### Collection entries

##############################

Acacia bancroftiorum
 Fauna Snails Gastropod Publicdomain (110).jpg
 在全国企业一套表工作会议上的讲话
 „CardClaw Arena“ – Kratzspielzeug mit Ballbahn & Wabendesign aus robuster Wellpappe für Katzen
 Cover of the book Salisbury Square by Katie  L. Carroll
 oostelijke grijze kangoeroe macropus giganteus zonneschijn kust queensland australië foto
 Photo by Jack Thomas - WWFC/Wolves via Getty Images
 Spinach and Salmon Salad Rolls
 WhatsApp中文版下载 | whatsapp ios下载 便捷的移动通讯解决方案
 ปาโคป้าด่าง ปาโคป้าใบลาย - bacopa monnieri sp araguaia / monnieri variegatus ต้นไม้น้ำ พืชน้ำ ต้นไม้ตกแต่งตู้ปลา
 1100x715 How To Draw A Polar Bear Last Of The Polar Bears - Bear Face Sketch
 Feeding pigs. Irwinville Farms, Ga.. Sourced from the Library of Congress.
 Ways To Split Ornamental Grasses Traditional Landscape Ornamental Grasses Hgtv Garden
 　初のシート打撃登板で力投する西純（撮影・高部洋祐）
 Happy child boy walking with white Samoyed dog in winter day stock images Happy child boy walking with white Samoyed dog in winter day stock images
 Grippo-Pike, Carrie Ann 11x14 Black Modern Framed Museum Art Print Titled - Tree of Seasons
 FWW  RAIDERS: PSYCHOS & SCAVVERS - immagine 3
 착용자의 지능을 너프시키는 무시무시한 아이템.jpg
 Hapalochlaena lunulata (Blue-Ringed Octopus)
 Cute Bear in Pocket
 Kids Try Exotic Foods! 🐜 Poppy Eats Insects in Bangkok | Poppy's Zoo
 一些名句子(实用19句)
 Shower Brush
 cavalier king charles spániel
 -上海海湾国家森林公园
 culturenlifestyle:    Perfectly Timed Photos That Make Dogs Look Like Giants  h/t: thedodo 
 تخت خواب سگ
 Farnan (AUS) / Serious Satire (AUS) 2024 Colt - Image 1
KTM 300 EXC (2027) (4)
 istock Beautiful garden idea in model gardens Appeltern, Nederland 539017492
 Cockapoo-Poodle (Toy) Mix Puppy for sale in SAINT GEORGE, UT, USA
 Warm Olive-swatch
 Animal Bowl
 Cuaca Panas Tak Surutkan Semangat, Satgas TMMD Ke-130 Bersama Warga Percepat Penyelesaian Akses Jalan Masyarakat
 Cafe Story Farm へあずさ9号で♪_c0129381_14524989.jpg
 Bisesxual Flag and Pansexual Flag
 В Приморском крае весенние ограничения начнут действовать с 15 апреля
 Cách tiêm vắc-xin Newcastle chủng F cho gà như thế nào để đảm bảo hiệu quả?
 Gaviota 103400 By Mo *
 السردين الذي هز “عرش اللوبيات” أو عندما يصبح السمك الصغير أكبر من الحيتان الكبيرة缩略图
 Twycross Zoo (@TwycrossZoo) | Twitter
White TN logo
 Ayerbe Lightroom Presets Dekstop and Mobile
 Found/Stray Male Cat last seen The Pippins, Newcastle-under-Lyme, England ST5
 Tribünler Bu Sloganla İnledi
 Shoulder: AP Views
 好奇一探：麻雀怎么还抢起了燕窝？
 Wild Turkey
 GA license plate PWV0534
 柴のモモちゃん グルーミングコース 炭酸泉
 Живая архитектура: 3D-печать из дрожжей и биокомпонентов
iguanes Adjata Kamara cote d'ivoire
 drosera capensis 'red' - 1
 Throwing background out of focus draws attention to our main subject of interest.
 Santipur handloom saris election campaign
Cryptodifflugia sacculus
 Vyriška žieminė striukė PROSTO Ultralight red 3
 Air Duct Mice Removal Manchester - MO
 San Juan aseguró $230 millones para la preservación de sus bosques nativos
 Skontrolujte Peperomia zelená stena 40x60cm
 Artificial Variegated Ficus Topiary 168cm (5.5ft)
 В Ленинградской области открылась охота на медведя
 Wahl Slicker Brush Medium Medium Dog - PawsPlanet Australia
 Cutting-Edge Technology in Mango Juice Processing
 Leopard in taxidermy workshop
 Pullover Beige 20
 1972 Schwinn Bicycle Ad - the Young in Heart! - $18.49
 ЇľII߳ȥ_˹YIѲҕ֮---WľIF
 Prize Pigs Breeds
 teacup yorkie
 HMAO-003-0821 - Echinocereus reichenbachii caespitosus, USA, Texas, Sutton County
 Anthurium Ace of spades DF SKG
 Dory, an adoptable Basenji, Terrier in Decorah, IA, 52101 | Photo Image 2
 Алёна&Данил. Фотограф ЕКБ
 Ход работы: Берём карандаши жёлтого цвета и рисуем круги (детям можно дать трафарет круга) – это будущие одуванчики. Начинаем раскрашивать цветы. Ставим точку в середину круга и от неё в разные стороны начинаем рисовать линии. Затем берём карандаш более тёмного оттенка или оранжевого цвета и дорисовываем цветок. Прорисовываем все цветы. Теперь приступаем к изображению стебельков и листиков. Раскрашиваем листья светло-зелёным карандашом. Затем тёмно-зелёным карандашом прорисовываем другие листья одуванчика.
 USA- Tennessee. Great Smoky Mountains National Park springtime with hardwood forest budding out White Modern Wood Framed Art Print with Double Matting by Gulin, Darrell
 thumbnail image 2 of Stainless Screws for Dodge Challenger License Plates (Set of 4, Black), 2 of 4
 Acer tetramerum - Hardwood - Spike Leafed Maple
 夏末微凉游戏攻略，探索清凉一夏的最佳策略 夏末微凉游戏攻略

##############################

### WHAT IS REQUIRED
With the line that has "柴のモモちゃん グルーミングコース 炭酸泉" as the first and the line that has "Алёна&Данил. Фотограф ЕКБ" as the last, repeat exactly that run of lines above and no more.

### RESULT
 柴のモモちゃん グルーミングコース 炭酸泉
 Живая архитектура: 3D-печать из дрожжей и биокомпонентов
iguanes Adjata Kamara cote d'ivoire
 drosera capensis 'red' - 1
 Throwing background out of focus draws attention to our main subject of interest.
 Santipur handloom saris election campaign
Cryptodifflugia sacculus
 Vyriška žieminė striukė PROSTO Ultralight red 3
 Air Duct Mice Removal Manchester - MO
 San Juan aseguró $230 millones para la preservación de sus bosques nativos
 Skontrolujte Peperomia zelená stena 40x60cm
 Artificial Variegated Ficus Topiary 168cm (5.5ft)
 В Ленинградской области открылась охота на медведя
 Wahl Slicker Brush Medium Medium Dog - PawsPlanet Australia
 Cutting-Edge Technology in Mango Juice Processing
 Leopard in taxidermy workshop
 Pullover Beige 20
 1972 Schwinn Bicycle Ad - the Young in Heart! - $18.49
 ЇľII߳ȥ_˹YIѲҕ֮---WľIF
 Prize Pigs Breeds
 teacup yorkie
 HMAO-003-0821 - Echinocereus reichenbachii caespitosus, USA, Texas, Sutton County
 Anthurium Ace of spades DF SKG
 Dory, an adoptable Basenji, Terrier in Decorah, IA, 52101 | Photo Image 2
 Алёна&Данил. Фотограф ЕКБ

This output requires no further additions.